Barbecued Chicken
Barbecued Chicken is a gluten free and dairy free recipe with 6 servings. This main course has 1378 calories, 79g of protein, and 79g of fat per serving. This recipe covers 42% of your daily requirements of vitamins and minerals. Head to the store and pick up tomato paste, pepper flakes, soy sauce, and a few other things to make it today. To use up the vegetable oil you could follow this main course with the Blueberry Coffee Cake #SundaySupper as a dessert. From preparation to the plate, this recipe takes approximately 3 hours and 50 minutes.
Instructions
Marinate the chickens in 2/3 of the barbecue sauce for a few hours or overnight in the refrigerator.
Heat the coals in a charcoal grill.
Spread the bottom of the grill with a single layer of hot coals and then add a few more coals 5 minutes before cooking, which will keep the fire going longer.
Place the chicken quarters on the grill, skin side down, and cook for about 45 minutes, turning once or twice to cook evenly on both sides.

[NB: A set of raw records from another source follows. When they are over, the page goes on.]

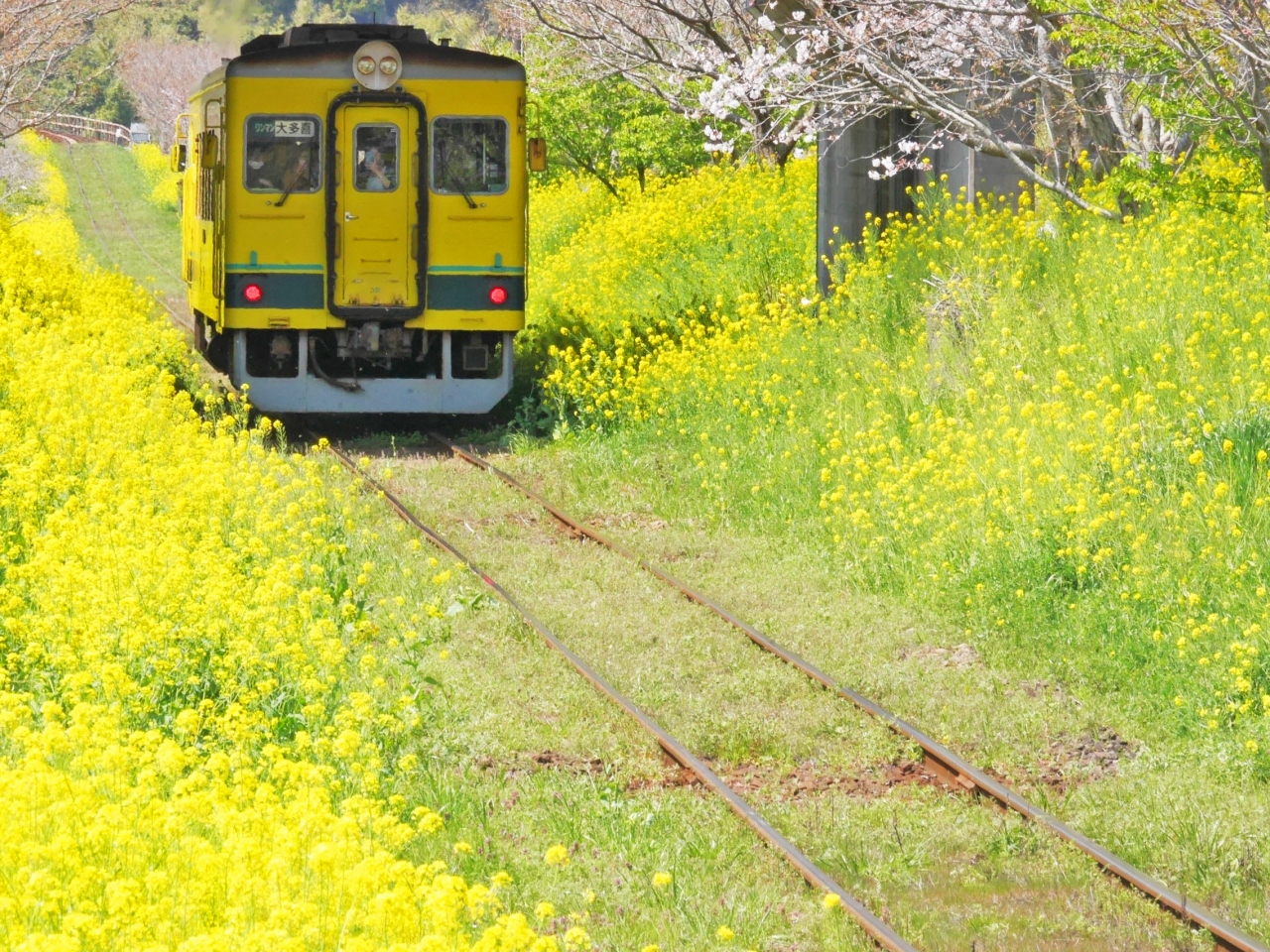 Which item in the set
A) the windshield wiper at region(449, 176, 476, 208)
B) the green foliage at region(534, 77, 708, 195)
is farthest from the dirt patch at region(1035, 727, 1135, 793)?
the green foliage at region(534, 77, 708, 195)

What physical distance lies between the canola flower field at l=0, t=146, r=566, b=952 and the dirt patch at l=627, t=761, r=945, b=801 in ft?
3.37

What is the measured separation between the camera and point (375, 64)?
13.8m

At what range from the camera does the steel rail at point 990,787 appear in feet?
17.5

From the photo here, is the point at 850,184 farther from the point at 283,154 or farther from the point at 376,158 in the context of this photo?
the point at 283,154

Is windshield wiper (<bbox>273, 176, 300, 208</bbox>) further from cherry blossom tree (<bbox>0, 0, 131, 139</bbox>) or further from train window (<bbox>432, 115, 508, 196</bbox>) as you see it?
cherry blossom tree (<bbox>0, 0, 131, 139</bbox>)

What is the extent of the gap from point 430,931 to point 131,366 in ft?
37.9

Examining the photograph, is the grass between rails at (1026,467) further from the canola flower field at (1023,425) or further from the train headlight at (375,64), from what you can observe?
the train headlight at (375,64)

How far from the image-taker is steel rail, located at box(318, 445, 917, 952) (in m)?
5.32

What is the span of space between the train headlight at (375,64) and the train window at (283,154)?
1.68 ft

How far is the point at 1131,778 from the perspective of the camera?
6.75 metres

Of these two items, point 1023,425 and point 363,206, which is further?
point 363,206

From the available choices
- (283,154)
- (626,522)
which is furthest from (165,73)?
(626,522)

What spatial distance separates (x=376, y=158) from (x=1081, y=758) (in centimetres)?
872

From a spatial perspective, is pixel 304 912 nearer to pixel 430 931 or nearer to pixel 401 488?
pixel 430 931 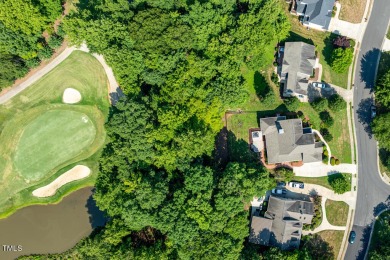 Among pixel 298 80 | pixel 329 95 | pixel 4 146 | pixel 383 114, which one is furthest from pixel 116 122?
pixel 383 114

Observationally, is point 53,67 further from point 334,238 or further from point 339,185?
point 334,238

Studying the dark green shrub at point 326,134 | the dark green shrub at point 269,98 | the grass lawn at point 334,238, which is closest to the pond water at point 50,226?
the dark green shrub at point 269,98

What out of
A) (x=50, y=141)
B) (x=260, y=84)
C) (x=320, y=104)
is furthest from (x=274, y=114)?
(x=50, y=141)

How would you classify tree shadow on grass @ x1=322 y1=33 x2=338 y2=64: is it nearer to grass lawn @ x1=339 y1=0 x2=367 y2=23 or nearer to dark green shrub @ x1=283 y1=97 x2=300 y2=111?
grass lawn @ x1=339 y1=0 x2=367 y2=23

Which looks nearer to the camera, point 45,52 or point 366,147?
point 45,52

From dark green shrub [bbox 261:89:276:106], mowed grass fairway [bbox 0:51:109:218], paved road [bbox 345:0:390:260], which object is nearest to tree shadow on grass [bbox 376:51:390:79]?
paved road [bbox 345:0:390:260]

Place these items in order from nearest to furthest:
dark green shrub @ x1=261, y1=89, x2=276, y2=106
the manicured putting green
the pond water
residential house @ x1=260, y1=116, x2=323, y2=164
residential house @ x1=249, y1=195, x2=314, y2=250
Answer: residential house @ x1=249, y1=195, x2=314, y2=250 → residential house @ x1=260, y1=116, x2=323, y2=164 → dark green shrub @ x1=261, y1=89, x2=276, y2=106 → the manicured putting green → the pond water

Brush with the marinade as needed. The chicken quarters are done when you insert a knife between a leg and thigh and the juices run clear. Discard any unused marinade.

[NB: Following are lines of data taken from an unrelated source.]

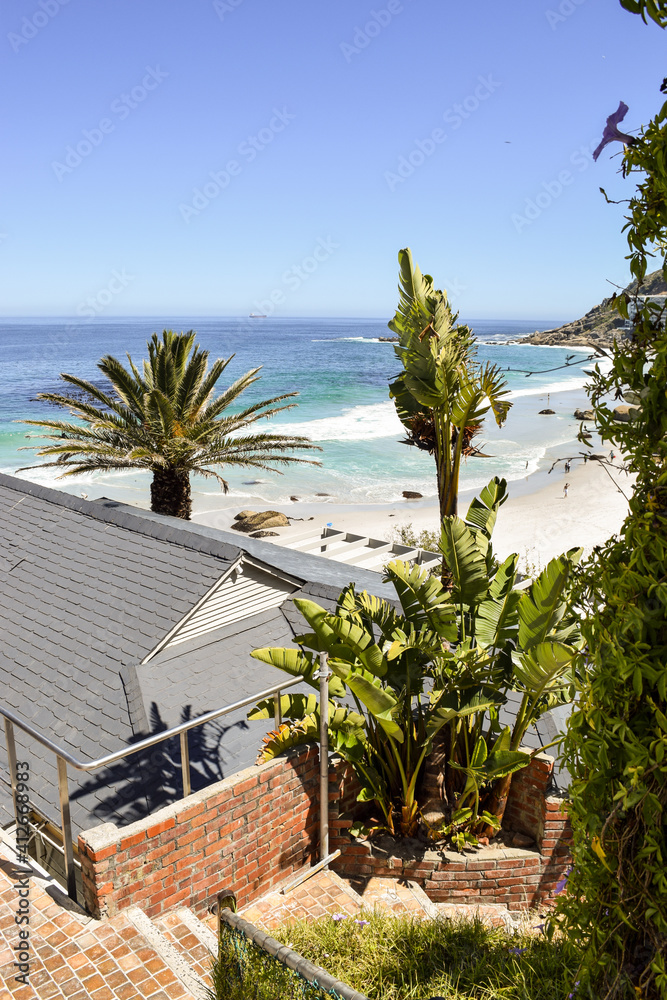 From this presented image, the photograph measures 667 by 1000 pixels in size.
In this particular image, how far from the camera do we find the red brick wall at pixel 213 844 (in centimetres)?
491

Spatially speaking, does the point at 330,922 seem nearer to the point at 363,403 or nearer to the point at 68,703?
the point at 68,703

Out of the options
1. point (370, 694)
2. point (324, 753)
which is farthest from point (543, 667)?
point (324, 753)

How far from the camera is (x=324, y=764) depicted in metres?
6.32

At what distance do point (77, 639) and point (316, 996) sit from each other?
6506 mm

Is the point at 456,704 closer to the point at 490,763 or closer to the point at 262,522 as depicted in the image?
the point at 490,763

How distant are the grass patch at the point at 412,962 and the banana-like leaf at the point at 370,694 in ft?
4.74

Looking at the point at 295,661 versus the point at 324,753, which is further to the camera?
the point at 295,661

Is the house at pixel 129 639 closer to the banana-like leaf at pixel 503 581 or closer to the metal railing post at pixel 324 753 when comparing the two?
the metal railing post at pixel 324 753

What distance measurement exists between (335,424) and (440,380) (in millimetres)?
54574

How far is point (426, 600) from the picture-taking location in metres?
6.67

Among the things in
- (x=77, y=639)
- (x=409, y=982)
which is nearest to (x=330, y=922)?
(x=409, y=982)

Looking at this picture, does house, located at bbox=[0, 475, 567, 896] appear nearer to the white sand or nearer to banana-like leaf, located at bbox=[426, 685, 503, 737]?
banana-like leaf, located at bbox=[426, 685, 503, 737]

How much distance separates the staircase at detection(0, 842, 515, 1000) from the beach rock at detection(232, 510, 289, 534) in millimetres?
25113

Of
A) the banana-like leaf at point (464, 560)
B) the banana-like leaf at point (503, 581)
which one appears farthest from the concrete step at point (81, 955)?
the banana-like leaf at point (503, 581) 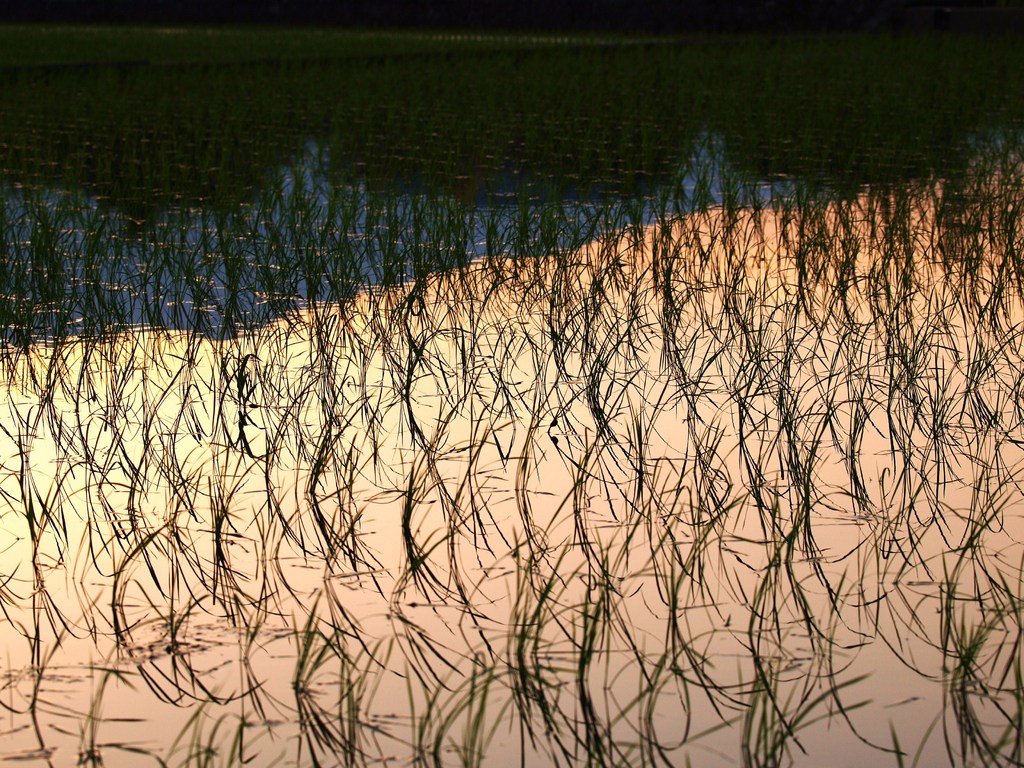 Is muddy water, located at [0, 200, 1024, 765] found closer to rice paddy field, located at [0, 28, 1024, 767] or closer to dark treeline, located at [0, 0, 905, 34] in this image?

Serve with extra barbecue sauce on the side.
In a large saucepan on low heat, saute the onions and garlic with the vegetable oil for 10 to 15 minutes, until the onions are translucent but not browned.
Add the tomato paste, vinegar, honey, Worcestershire sauce, mustard, soy sauce, hoisin sauce, chili powder, cumin, and red pepper flakes. Simmer uncovered on low heat for 30 minutes. Use immediately or store in the refrigerator.